O Estado de São Paulo, n.46350, 11/09/2020. Metrópole, p.A12

 

Ação da BCG contra covid será avaliada

Paula Felix

11/09/2020

 

 

Pesquisa com 10 mil voluntários em Brasil, Reino Unido, Holanda e Espanha vai checar se ela protege contra o agravamento da doença

Estudada em outros países, a vacina contra o bacilo Calmette-Guérin (BCG), que protege contra a tuberculose, vai começar a ser esquadrinhada no Brasil, a partir de outubro, como estratégia de proteção contra a covid19. O imunizante é aplicado obrigatoriamente no País desde 1976 e pesquisas já apontaram que o número de mortes no Brasil poderia ter sido maior sem essa medida.

Assim como as pesquisas realizadas nos Estados Unidos, Austrália e Holanda, os testes serão feitos com profissionais que atuam na linha de frente no combate à doença. A proposta é avaliar os efeitos da vacina em 10 mil voluntários, dos quais 3 mil serão brasileiros. Os demais serão de Austrália, Reino Unido, Espanha e Holanda.

A proposta, segundo o infectologista Julio Croda – pesquisador da Fundação Oswaldo Cruz (Fiocruz) que vai atuar no projeto – é identificar se a vacina protege ou não contra o novo vírus, evitando a evolução para formas graves da doença. "Ela (a BCG) tem dois diferenciais importantes. É uma vacina que já foi usada muitas vezes, são 120 milhões de crianças que tomam anualmente e os efeitos adversos são raros, e não tem limite de idade superior", afirma Croda, que também é professor da Universidade Federal de Mato Grosso do Sul (UFMS) e da Escola de Saúde Pública de Yale (EUA). "Muitos estudos com vacinas estão sendo feitos com pessoas entre 18 e 50 anos. Isso é importante para os idosos."

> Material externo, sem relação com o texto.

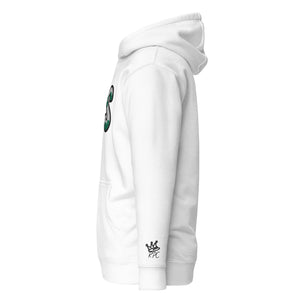 The City Collection BOS Basketball Patched Unisex Hoodie - Rebel P Customs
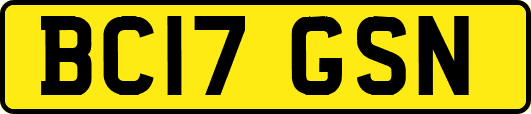 BC17GSN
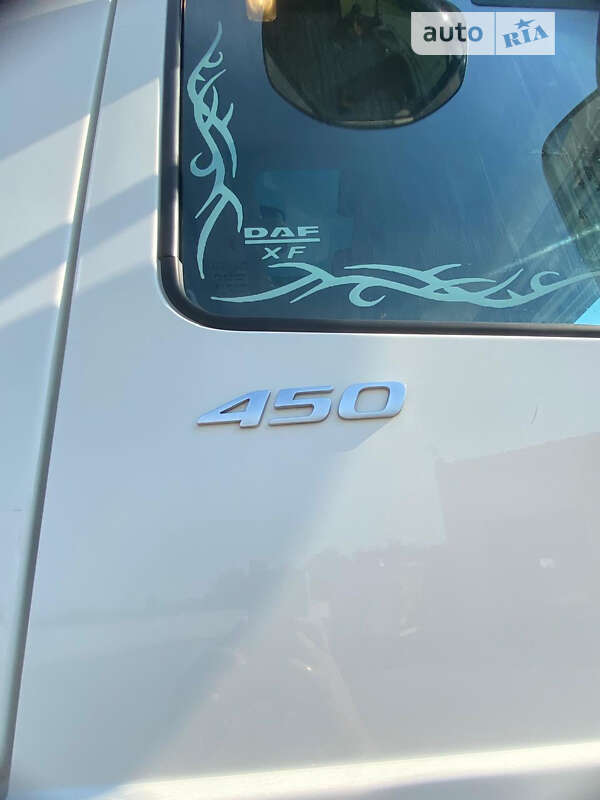 Тягач DAF XF 2018 в Днепре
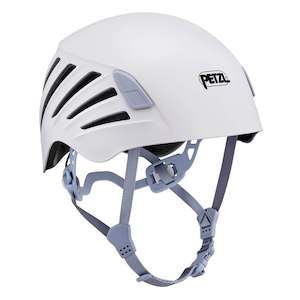 Helmets: PETZL - BOREA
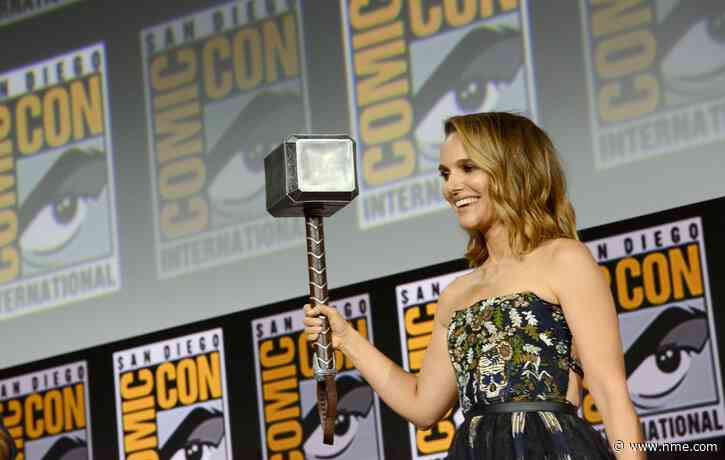 Natalie Portman confirms ‘Thor: Love and Thunder’ filming start date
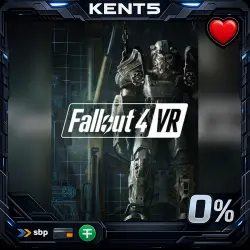 Fallout 4 VR | ALL REGIONS | AUTO | Steam Gift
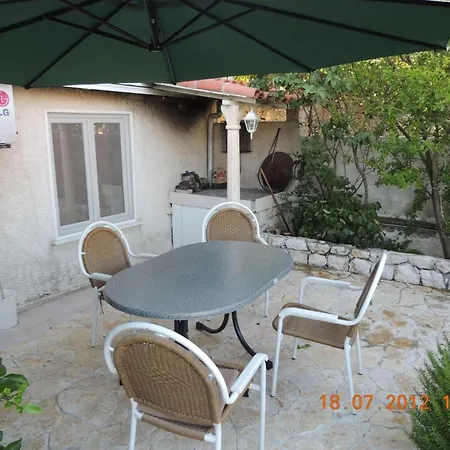 Ivana Mitten Im Blumengarten By Interhome Dubrovnik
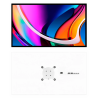 Kuycon P27D - Écran haute résolution pour Mac & PC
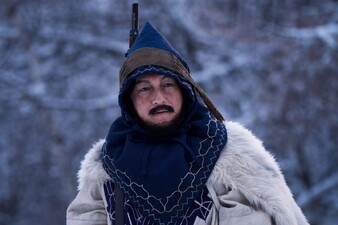 Golden Kamuy: Attack on Abashiri Prison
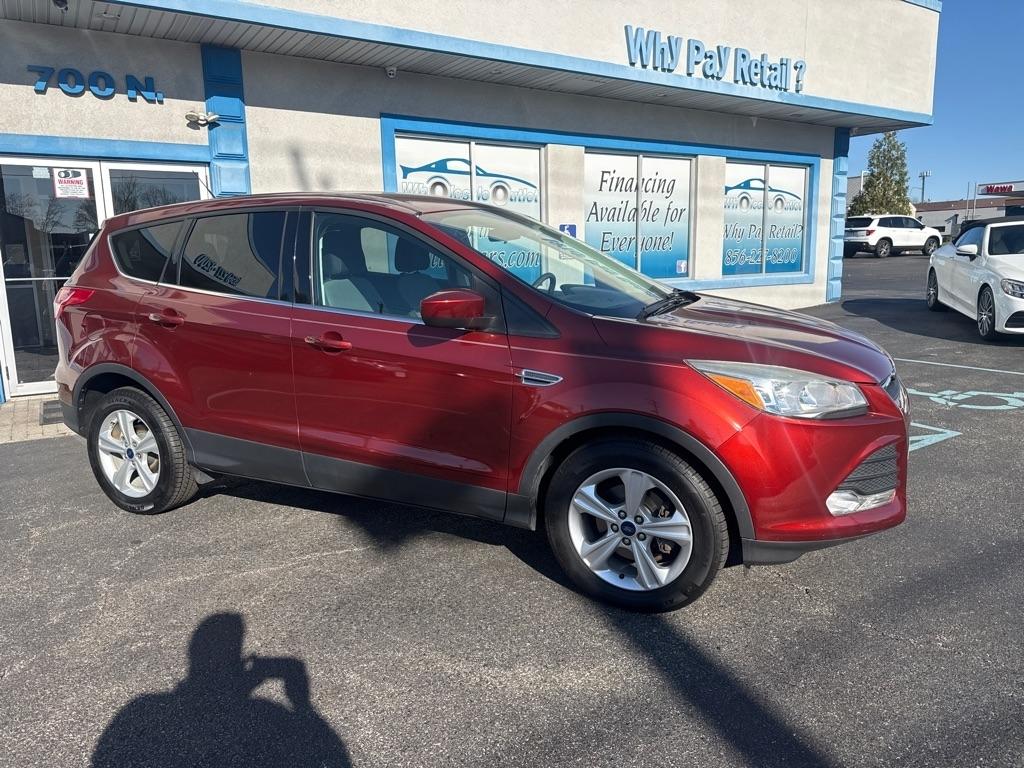 Ford Escape FWD 4dr SE 2015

O estudo será realizado pela Fiocruz em parceria com o Murdoch Children's Research Institute, da Austrália, com financiamento da Fundação Bill e Melinda Gates. No Brasil, 2 mil voluntários serão recrutados em Mato Grosso do Sul e os outros mil serão do Rio. Os voluntários serão acompanhados durante um ano e pessoas que já foram infectadas ou tiveram sintomas do vírus não poderão participar.

"Seguimos os modelos de outros estudos e os profissionais de saúde são as pessoas com maior fator de risco para aquisição do vírus. Eles serão acompanhados semanalmente. Este vai ser o maior ensaio clínico de fase 3 usando a BCG", diz Croda, que integrou o Ministério da Saúde na gestão de Luiz Henrique Mandetta.

Segundo o pesquisador, dois estudos recentes foram referência para essa pesquisa. "Um realizado na África mostrou que a vacina protege contra infecções e óbitos em curto prazo, no primeiro ano de vida. E outro, que saiu na (revista científica) Cell, mostra que ela previne infecções virais em idosos." Se comprovado o benefício, a BCG pode se tornar uma opção enquanto o imunizante específico para evitar a doença não é lançado. "Muito provavelmente, a BCG não será utilizada no futuro, mas pode ser uma alternativa enquanto não houver nenhuma vacina", conclui.

  

Eficaz. Um estudo da Universidade de Michigan (EUA), publicado na Science, apontou que o total de mortes por covid-19 registradas no Brasil poderia ser 14 vezes maior se a BCG não fosse obrigatória no País. Pesquisas sugerem que a vacina tem efeitos benéficos na imunidade contra infecções pulmonares, o que a tornaria importante na prevenção da covid.

Embora seja obrigatória no Brasil e dada aos recém-nascidos ainda na maternidade, a cobertura vacinal da BCG está em queda no País. Conforme mostrou o Estadão, a vacina teve a menor cobertura da série histórica desde 1994, com 85,1% dos bebês vacinados em 2019. Foi a primeira vez em 25 anos que ela não alcançou a meta federal de 90% dos recém-nascidos protegidos.

Vantagens

"(A BCG) tem diferenciais importantes. Já foi usada muitas vezes, 120 milhões de crianças tomam todos os anos, efeitos adversos são raros e não há limite de idade superior."